Neste sentido não haverá paz ecológica, pois não haverá paz social, nem futuro para os nascituros, se uma outra lógica, de inteligência primária, solar, não começar agora a ser construída, atrasadamente, na cabeça das crianças em idade escolar, através de uma disciplina de Ecopedagogia. Mais que alfabetizando ecologicamente, catequizando, como se uma religião e uma moral ecológicas, sustentadas nas ciências, que preencham o vazio da alma de meros consumidores autômatos, manipulados por interesses ideológicos de segmentos econômicos privilegiados. A questão ecológica, então, pelo que se mostra, é questão política. Inescapavelmente!

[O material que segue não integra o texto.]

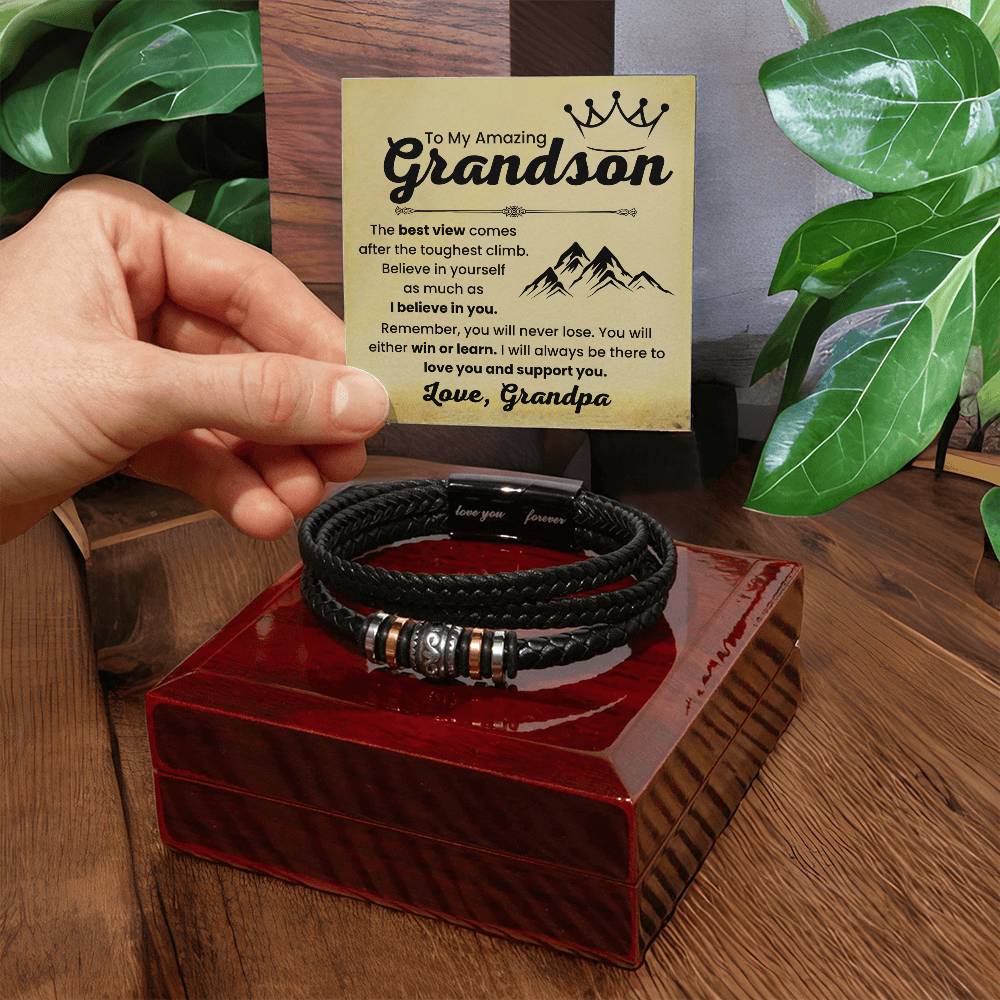 Grandson Gift from Grandma – Christmas, Graduation, Birthday – Love You Forever Bracelet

Cidadania ecológica, passiva ou ativa, consciente ou não, é uma verdade científica hoje. Não é mais utopia, ou uma vontade político-ideológica. É verdade contida no núcleo dos paradigmas epistemológicos emersos das ciências da vida (H. Maturana, F.Varela) e das ciências da Natureza (Prigogine, Lovelock, Bohr, Bateson, Kuhn, Capra e outros). E como toda verdade incômoda, mesmo científica, pior ainda por ser de caráter ecocêntrico, deve ser silenciada, ocultada, desacreditada pelo poder político-ideológico das elites globais, economicamente hegemônicas.

Pelo exposto, a Fundação Sintaf de Ensino e Pesquisa, na Semana do Meio Ambiente, pretende aprofundar reflexões ecológicas provocando a sociedade política e a sociedade civil.